Entries provided Block Start

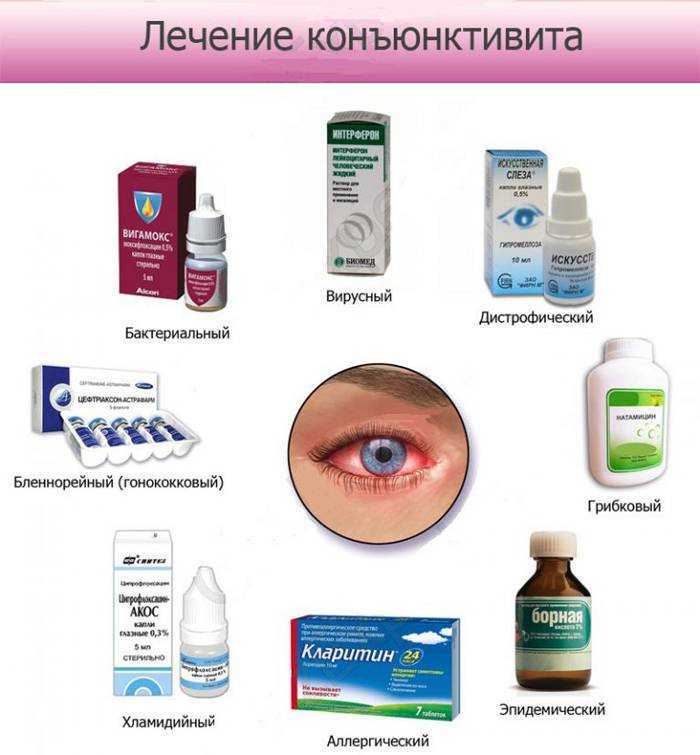 Лечение аллергического ринита и кашля, диагностика заболевания, профилактические меры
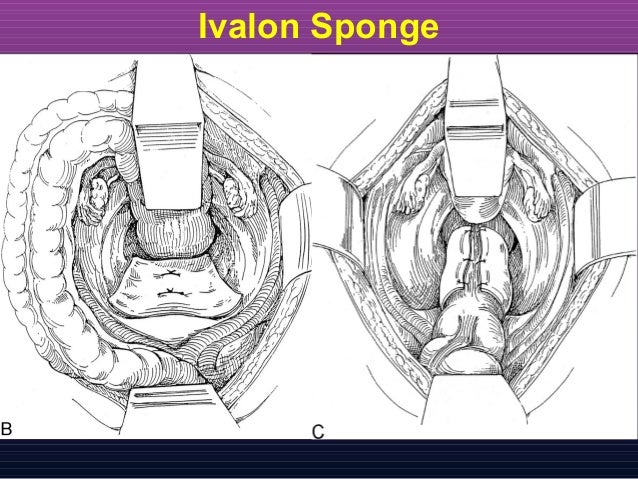 Rectal Prolapse Cedars Sinai Medical Center Medicine
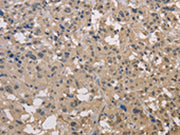 The image on the left is immunohistochemistry of paraffin-embedded Human thyroid cancer tissue using CSB-PA696333(DRG1 Antibody) at dilution 1/30, on the right is treated with fusion protein. (Original magnification: ×200)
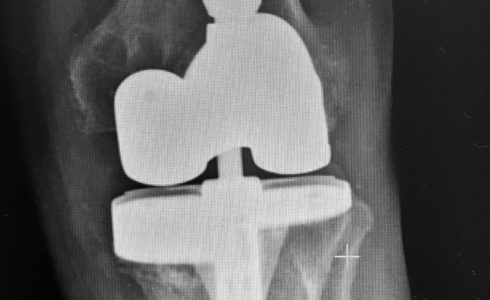 protesi totale ginocchio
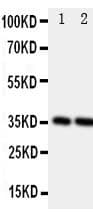 Polyclonal Rabbit anti-Rat PDPN / Podoplanin Antibody (aa155-166, WB)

Entries provided Block End

Exercise description: Restate the full listing word for word, excluding images.

Answer below:
 Лечение аллергического ринита и кашля, диагностика заболевания, профилактические меры
 Rectal Prolapse Cedars Sinai Medical Center Medicine
 The image on the left is immunohistochemistry of paraffin-embedded Human thyroid cancer tissue using CSB-PA696333(DRG1 Antibody) at dilution 1/30, on the right is treated with fusion protein. (Original magnification: ×200)
 protesi totale ginocchio
 Polyclonal Rabbit anti-Rat PDPN / Podoplanin Antibody (aa155-166, WB)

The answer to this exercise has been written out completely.